Ceci nous amène naturellement, en deuxième lieu, à la vision nécessairement plurale que l’auteur propose. Car l’écrit, institution juridique s’il en est, est d’abord et avant tout un outil de communication dont l’usage évolua à travers les siècles. Aussi, il ne peut être pleinement appréhendé sans sortir un peu de la zone de confort du juriste et sans regarder comment il se comprend en communication, en biblioéconomie ou en gestion. Une approche pluridisciplinaire que le civiliste rechigne à suivre, en dépit des conseils à cet égard que même les meilleurs, tel Esmein, prodiguait, il  a plus d’un siècle[3].
Enfin, en troisième lieu, et surtout, l’ouvrage de François Senécal, fort de ces prérequis plus théoriques, constitue un véritable outil pratique d’interprétation de ce que représente l’écrit électronique. Même si une approche comparative est souvent proposée, un accent soutenu est apporté à l’analyse de la Loi concernant le cadre juridique des technologies de l’information[4]. Relativement à ce texte qui n’est pas sans lourdeurs, ce livre y propose un éclairage utile quant à la place que l’écrit détient tant en matière de preuve que relativement aux conditions formelles qui ne manquent pas d’apparaître au détour des lois et règlements québécois. L’écrit est donc défini ; ses conditions de réalisation sont précisées ; ses différences d’avec des notions « consanguines » que sont notamment la copie ou l’original, sont tracées. L’interprète dispose donc de références, multiples et colorées, pour les utiliser au jour le jour.
 
En bout de ligne, cette vision rigoureuse, tant sur la forme que sur le fond, était sans aucun doute la solution la plus efficace ; la seule peut-être, pour tenter de réconcilier, d’un côté, les généralistes « civilistes », les « spécialistes de rien » comme disait le professeur Jean Pineau, et, de l’autre, les « spécialistes » attachés souvent – sans doute trop parfois – à la règle et au fait nouveaux. Relativement à cet objectif, François Senécal est assurément le parfait candidat pour opérer ce pont entre ces deux communautés juridiques. Preuve s’il en est, ce livre a d’ailleurs été honoré du prix Capitant 2010 pour le meilleur mémoire en droit civil et il a également été facilité par l’obtention de plusieurs bourses en droit des technologies de l’information (telle que la Bourse J.-A.-Louis-Lagassé).

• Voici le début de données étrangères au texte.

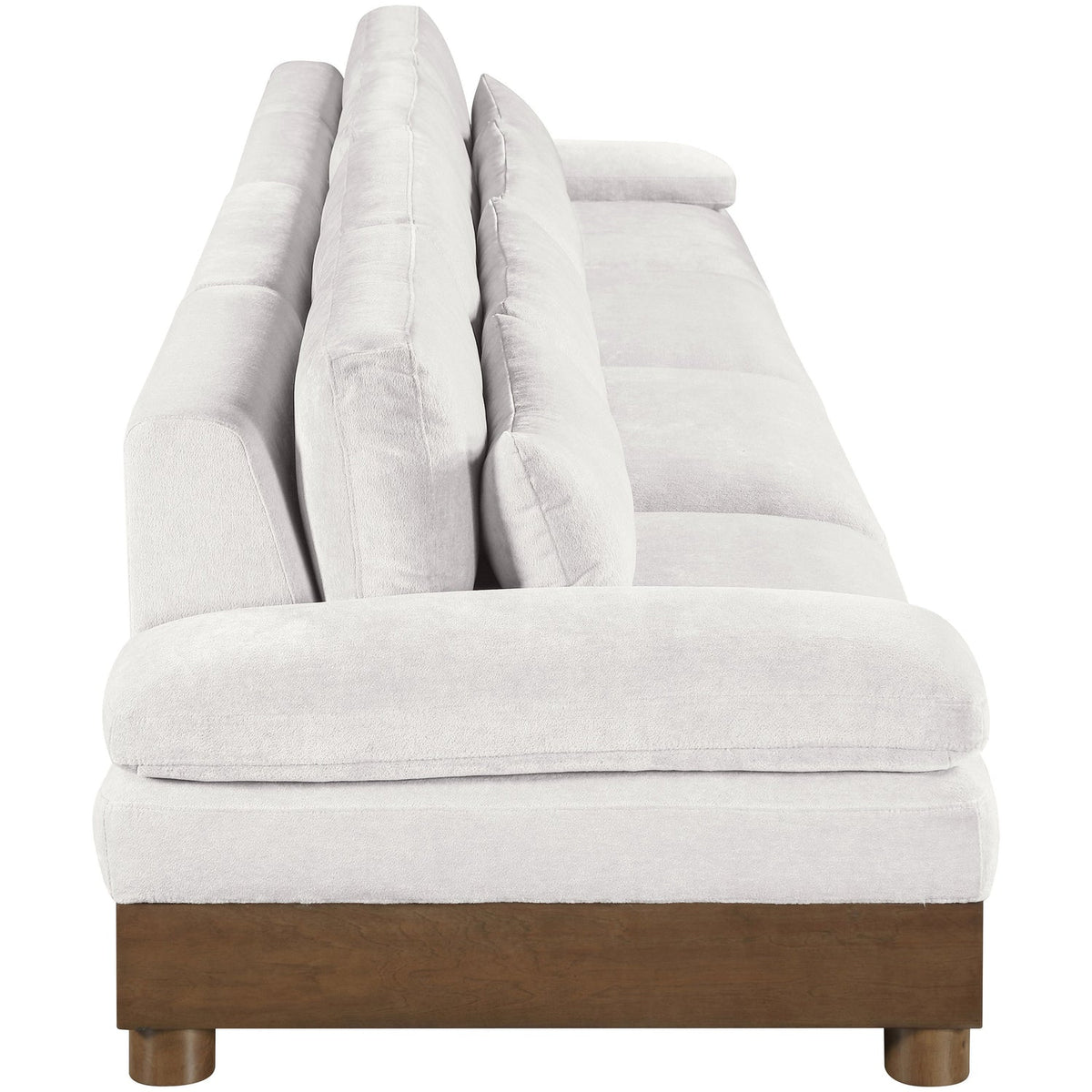 Turin 175.5in Cream Chenille Fabric Upholstered 4 Piece Modular Sofa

Sa publication n’est donc que justice.


[1] « La « sérendipité » est le fait de réaliser une découverte inattendue grâce au hasard et à l’intelligence ». (Nos soulignements) Définition reprise sur le site de www.wikipedia.org.

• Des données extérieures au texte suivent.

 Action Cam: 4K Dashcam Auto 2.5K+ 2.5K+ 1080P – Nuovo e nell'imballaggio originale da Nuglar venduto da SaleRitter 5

[2] Le Grand Vocabulaire François, t. 8, Paris, C. Panckoucke Libraire, 1769, p. 569, v° « Écriture ». La citation est mentionnée en exergue de la Partie 1, Chapitre 1, Section 1.
[3] Adhémar ESMEIN, « La jurisprudence et la doctrine », (1902) Revue trimestrielle de droit civil 5, 16-17.
[4] L.R.Q. c. C-1.1.

Ce contenu a été mis à jour le 11 décembre 2019 à 9 h 28 min.